**Dataset**
******************************

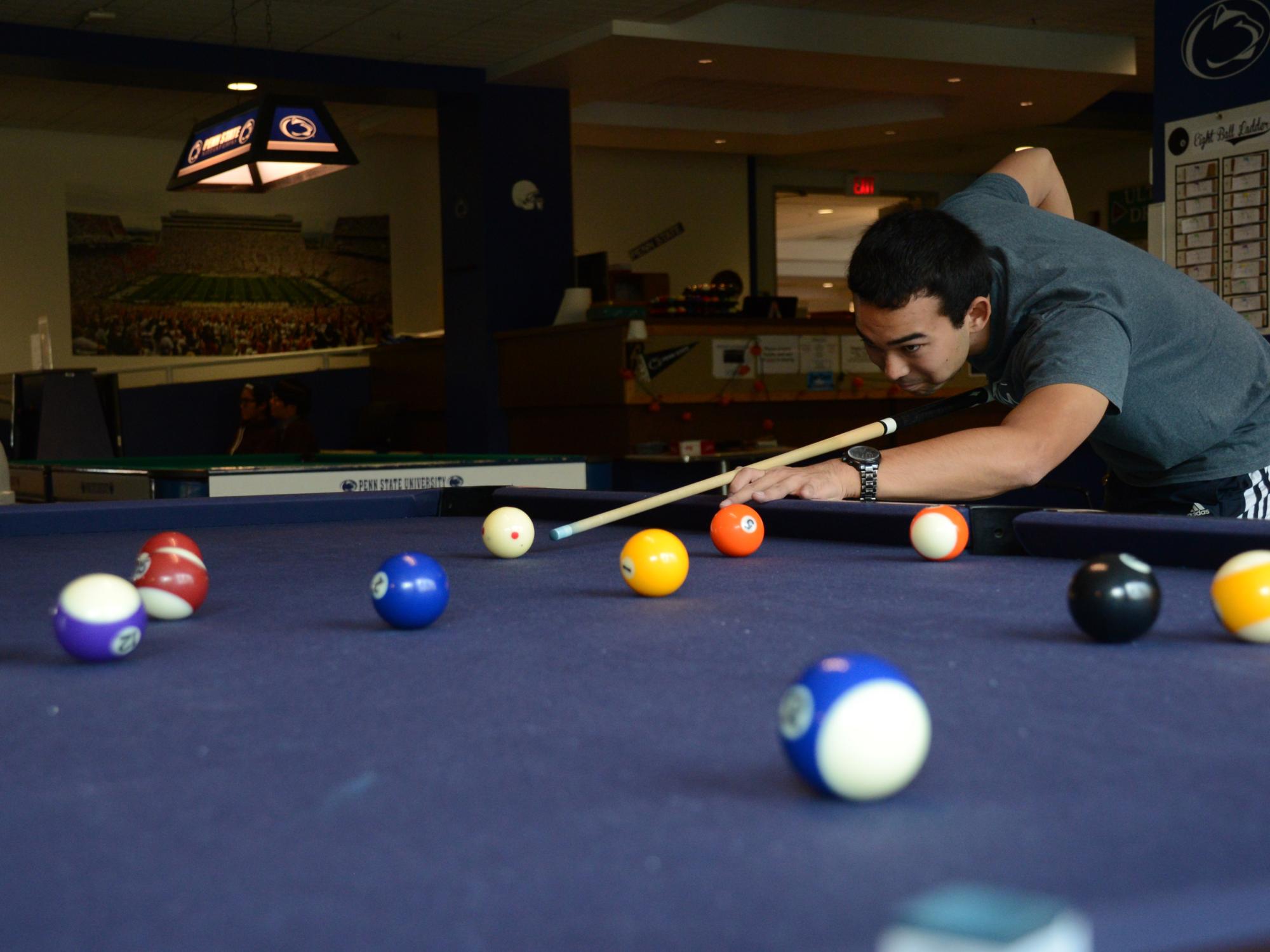 Rudy Haluza, president of Penn State’s Billiards Club 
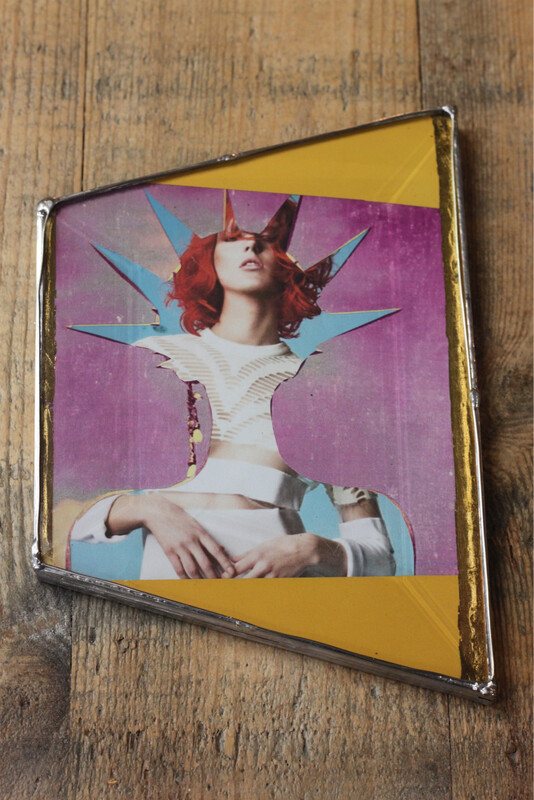 Collage Behind Reclaimed Glass 3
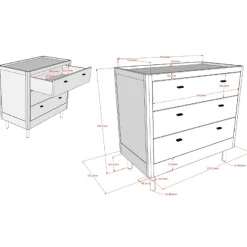 Kleinkindzimmer Forrest: Kleinkindbett 70x140cm, Kommode, Kleiderschrank - Weißbuche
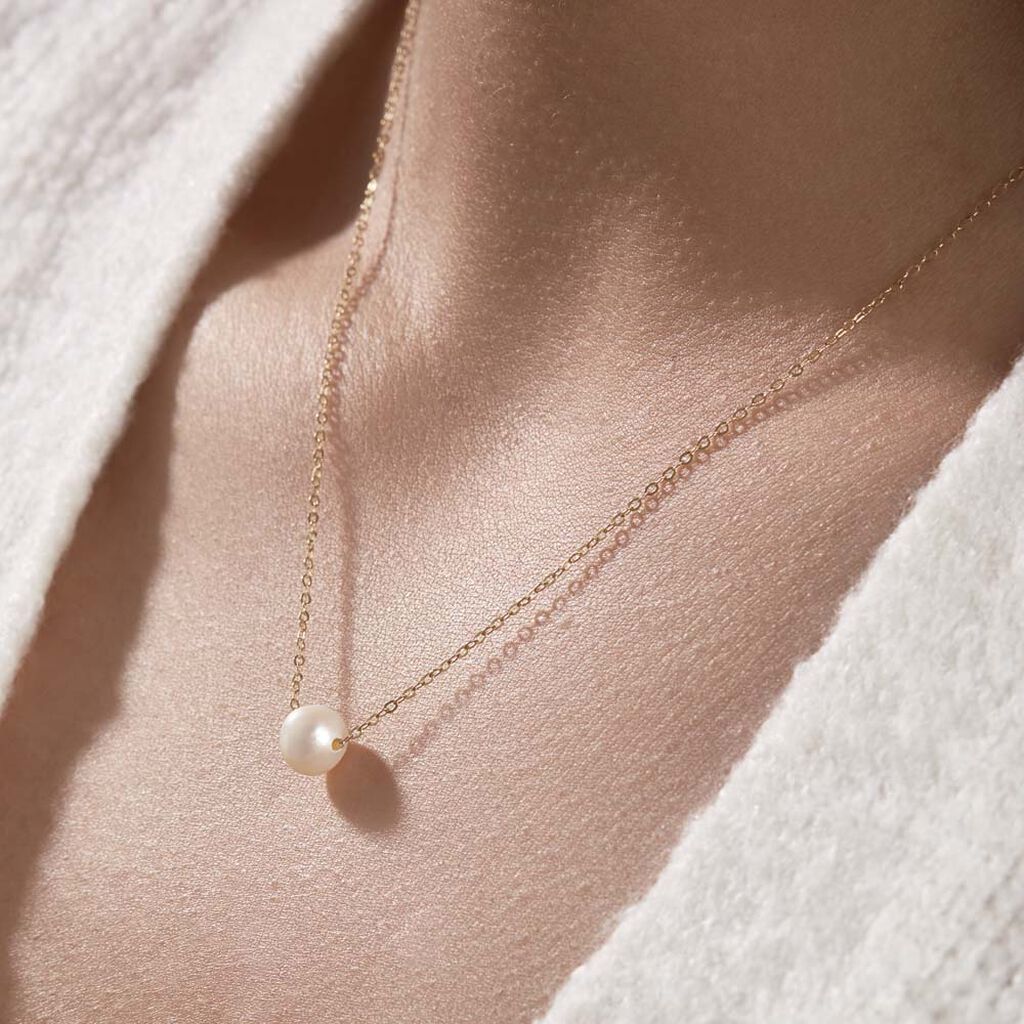 Collier Sissy Or Jaune Perle De Culture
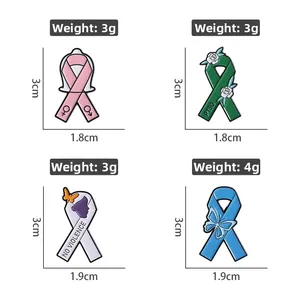 Detailed view of enamel ribbon pins for awareness including PTSD and No Violence themes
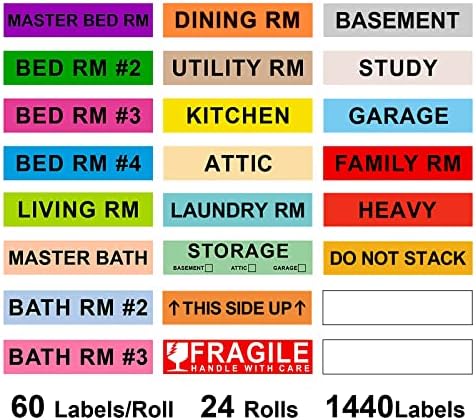 24-Roll 1440 PCS Moving Label for Box, 1×4.5 Color-Coded Sticker - Image 3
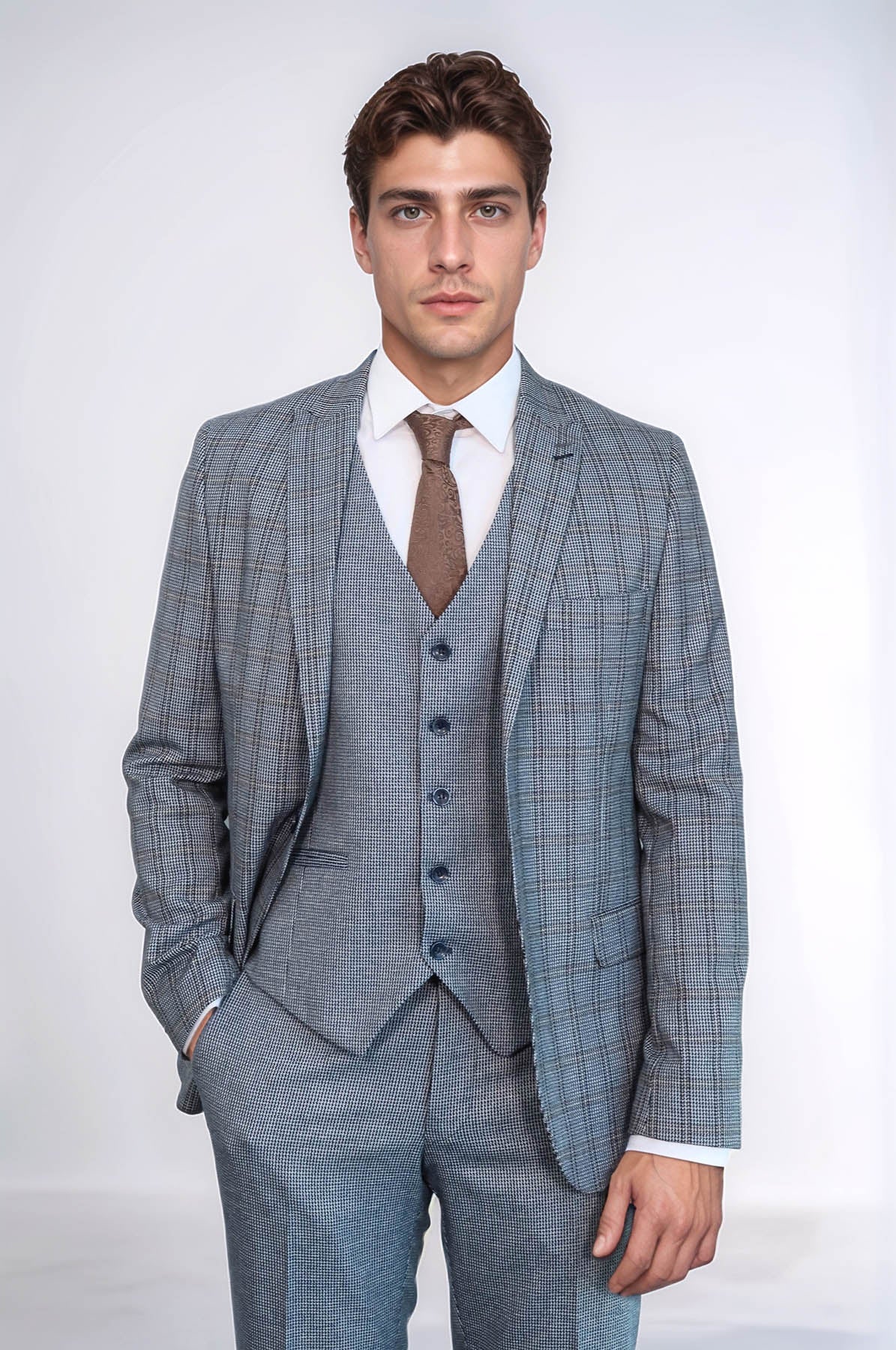 Plaid Navy Slim-Fit Vested Suit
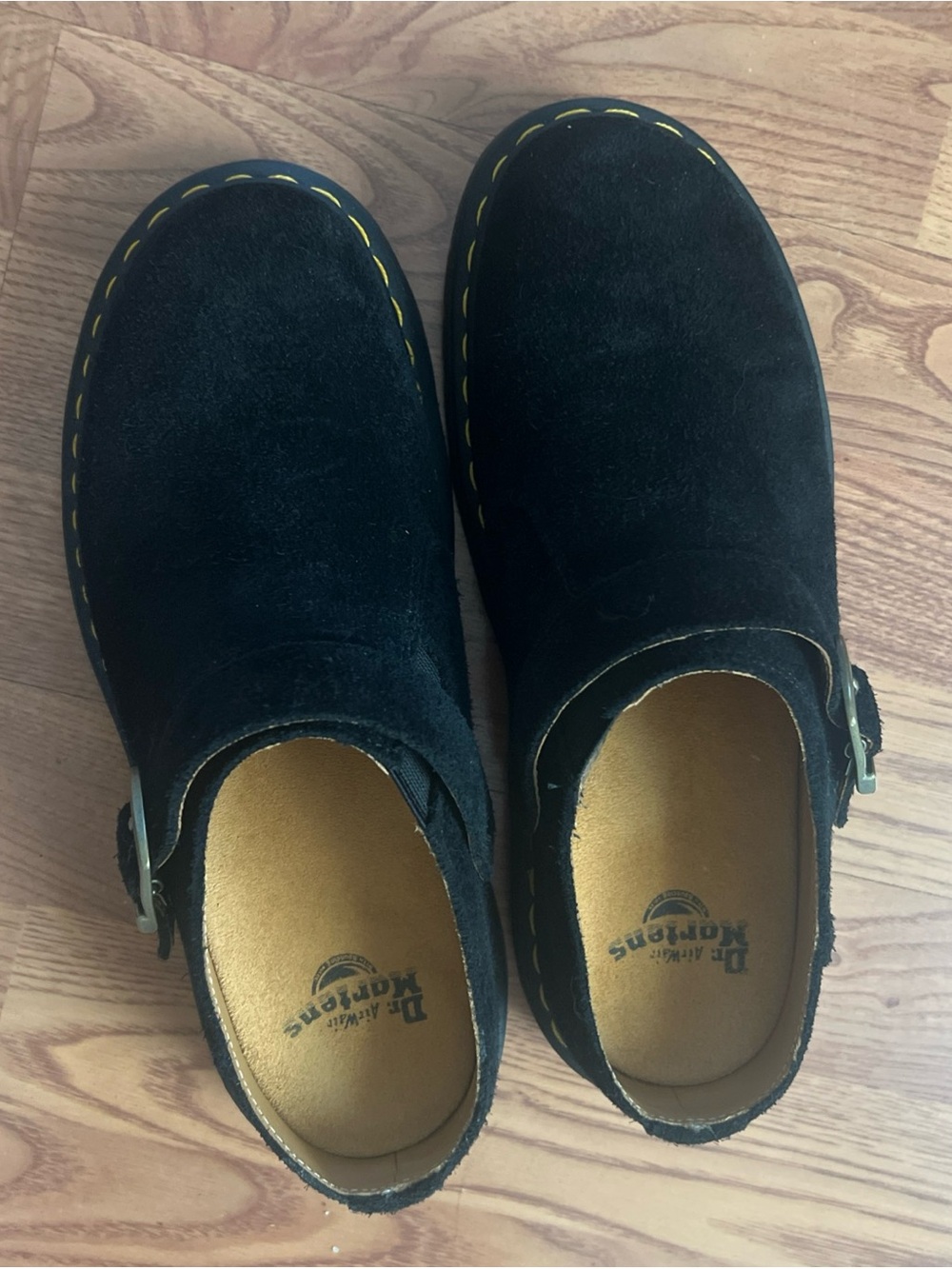 Dr. Martens Black Suede Clogs with Yellow Stitching and Buckle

******************************

**Assigned task**
Only the lines from the one that holds "24-Roll 1440 PCS" through the end of the records above should be printed again, exactly as they are. Leave out the pictures.

**Answer to the problem**
 24-Roll 1440 PCS Moving Label for Box, 1×4.5 Color-Coded Sticker - Image 3
 Plaid Navy Slim-Fit Vested Suit
 Dr. Martens Black Suede Clogs with Yellow Stitching and Buckle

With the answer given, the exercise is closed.